▶ **Exercise directions**
Leave out the images and set down the records below exactly.

▶ **Entries supplied**
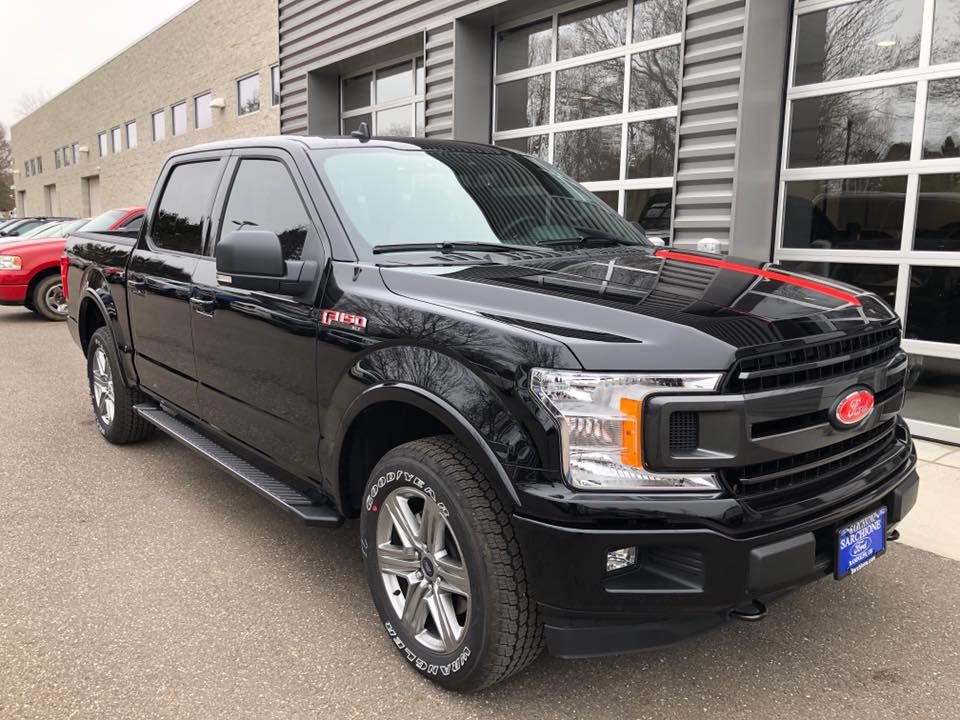 A black ford f150 truck is parked in front of a building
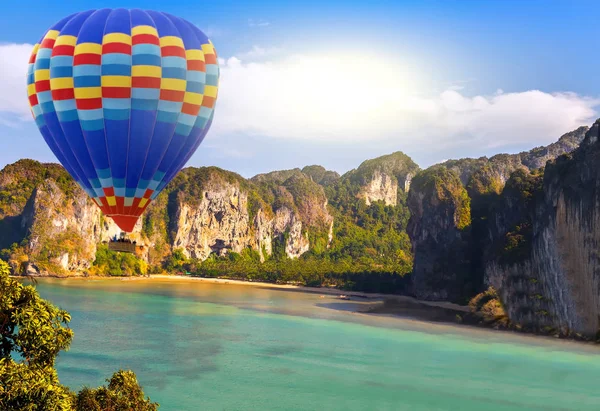 sun hot air balloon landing in a mountain jungle island sea landscape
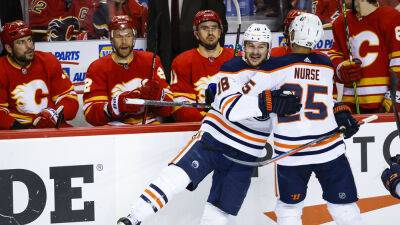 Oilers rally past Flames 5-3 in Game 2 to even series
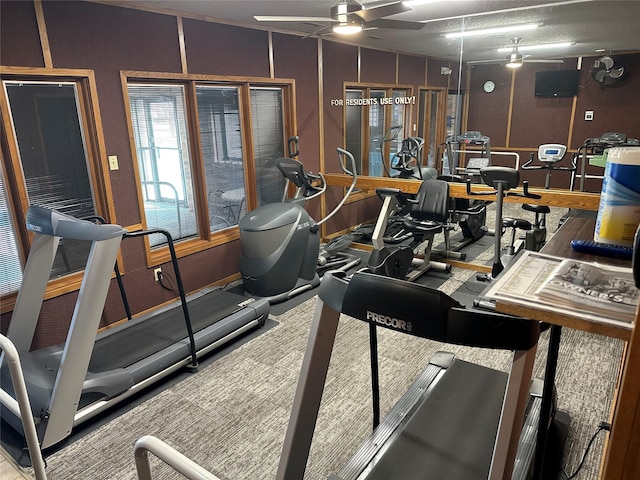 exercise room with ceiling fan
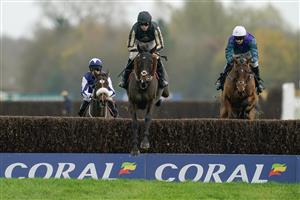 NEWBURY, ENGLAND - NOVEMBER 26: Harry Cobden riding McFabulous clear the water jump before going on to win The Coral John Francome Novices
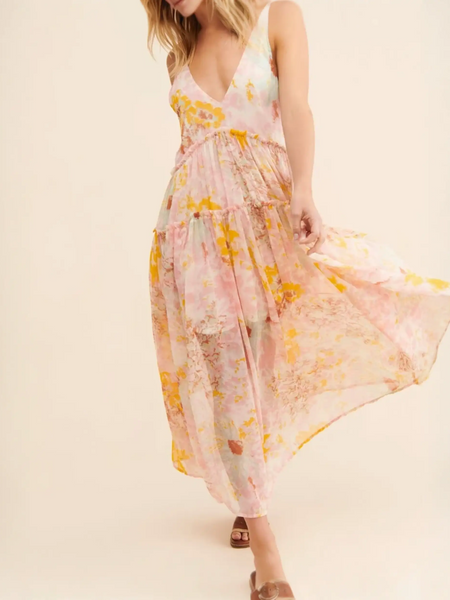 Trendsi flowy maxi dress for beach with pink and yellow floral pattern and V-neck design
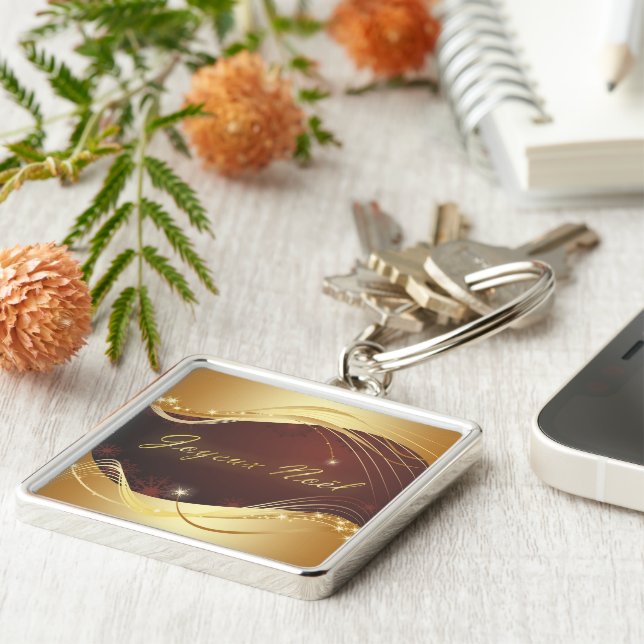 Llavero Motivo de Navidades dorados con fondo rojo... (Lado)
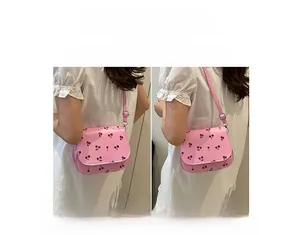 Pink saddle bag with cherry print showing crossbody and shoulder wearing styles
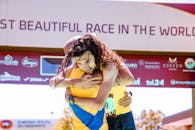 在比赛终点线，两名跑步者深情拥抱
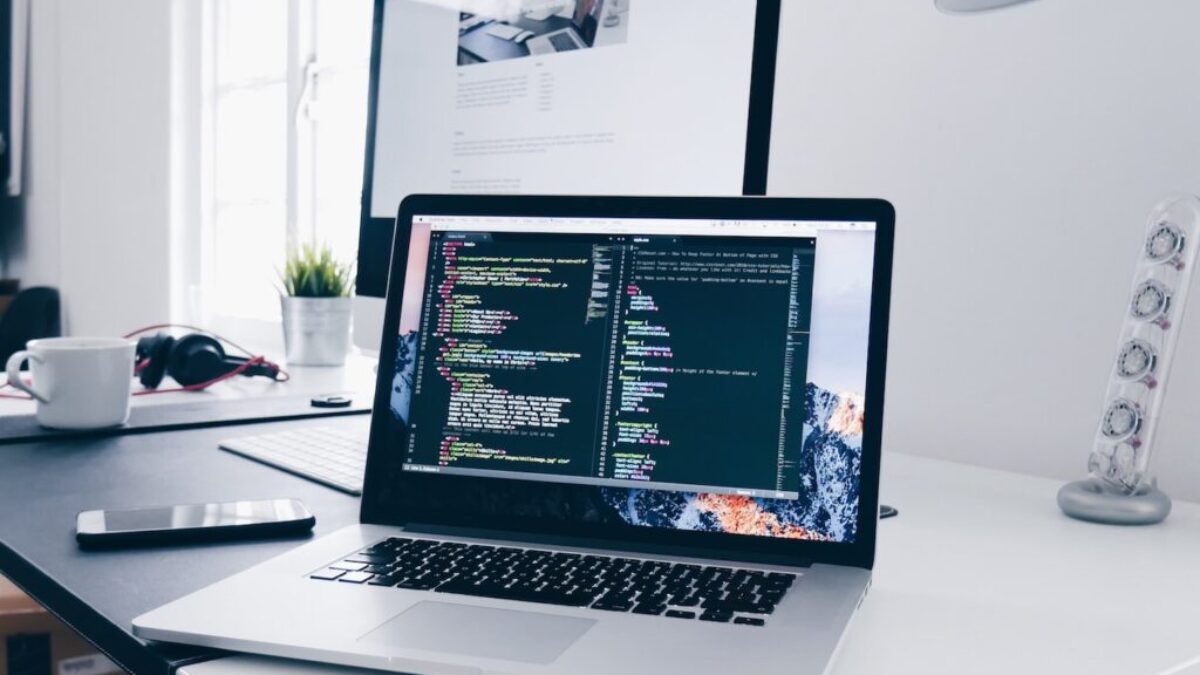 A MacBook with lines of code on its screen on a busy desk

▶ **Result**
 A black ford f150 truck is parked in front of a building
 sun hot air balloon landing in a mountain jungle island sea landscape
 Oilers rally past Flames 5-3 in Game 2 to even series
 exercise room with ceiling fan
 NEWBURY, ENGLAND - NOVEMBER 26: Harry Cobden riding McFabulous clear the water jump before going on to win The Coral John Francome Novices
 Trendsi flowy maxi dress for beach with pink and yellow floral pattern and V-neck design
 Llavero Motivo de Navidades dorados con fondo rojo... (Lado)
 Pink saddle bag with cherry print showing crossbody and shoulder wearing styles
 在比赛终点线，两名跑步者深情拥抱
 A MacBook with lines of code on its screen on a busy desk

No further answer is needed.